-- How to complete this task --
Print the listing below word for word, but drop any pictures it contains.

-- Dataset content --
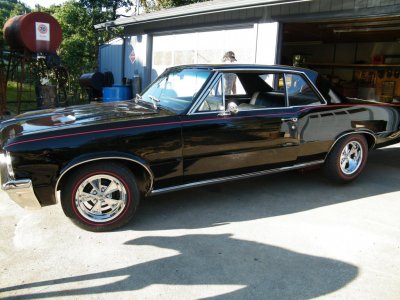 1964 Pontiac GTO 389 cu Tripower,4 speed,3.90 posi trc Date Code Correct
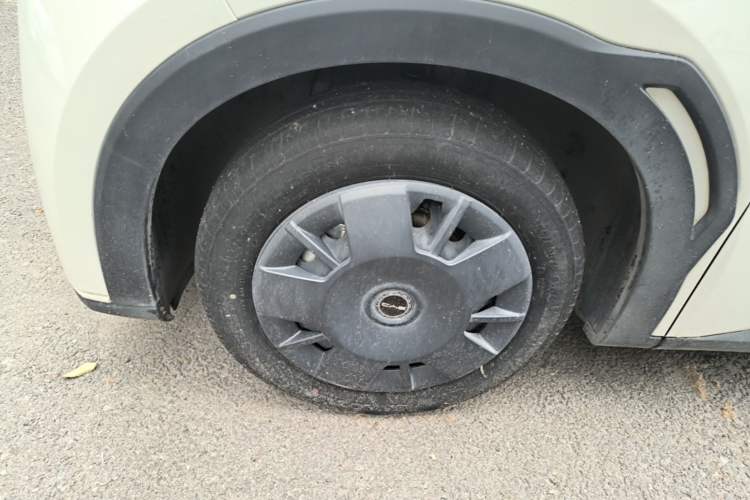 Used BYD Seagull 2024 Honor Edition 305km Dynamic Version Left Front Wheel Hub
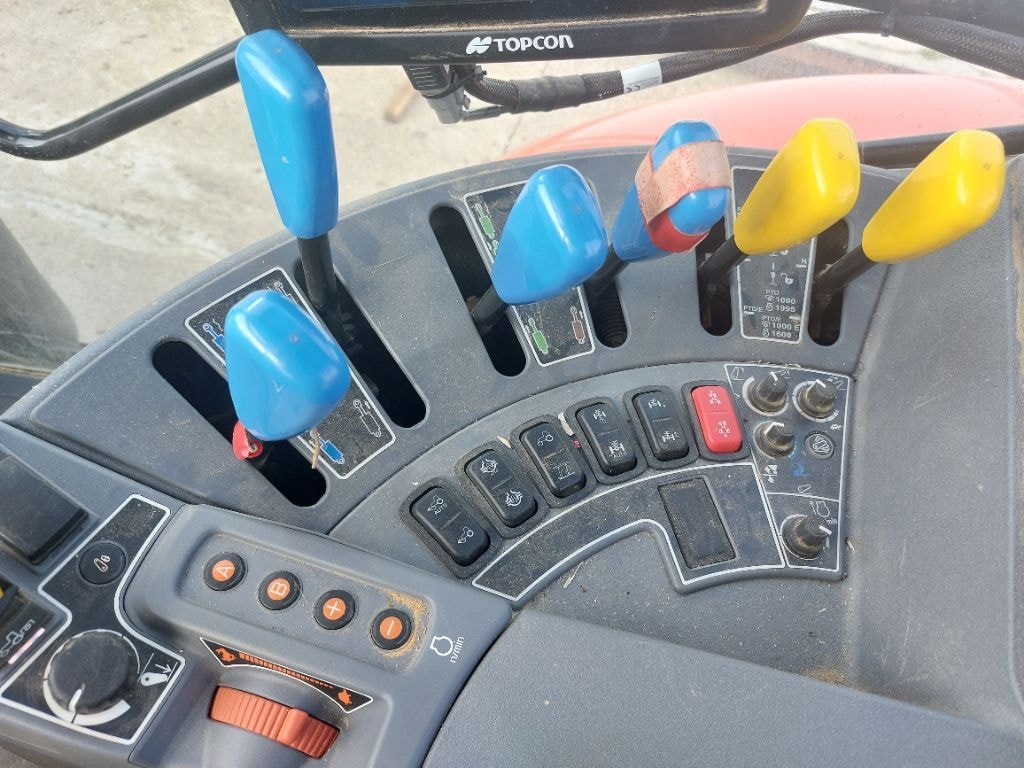 Tracteur KUBOTA M7 153 - photo slide 12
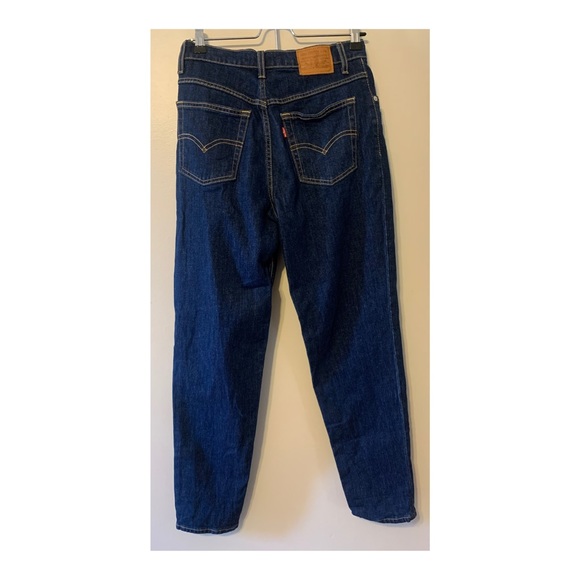 Levi’s Premium High-Rise Mom Jeans - Picture 3 of 3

-- Result of this task --
 1964 Pontiac GTO 389 cu Tripower,4 speed,3.90 posi trc Date Code Correct
 Used BYD Seagull 2024 Honor Edition 305km Dynamic Version Left Front Wheel Hub
 Tracteur KUBOTA M7 153 - photo slide 12
 Levi’s Premium High-Rise Mom Jeans - Picture 3 of 3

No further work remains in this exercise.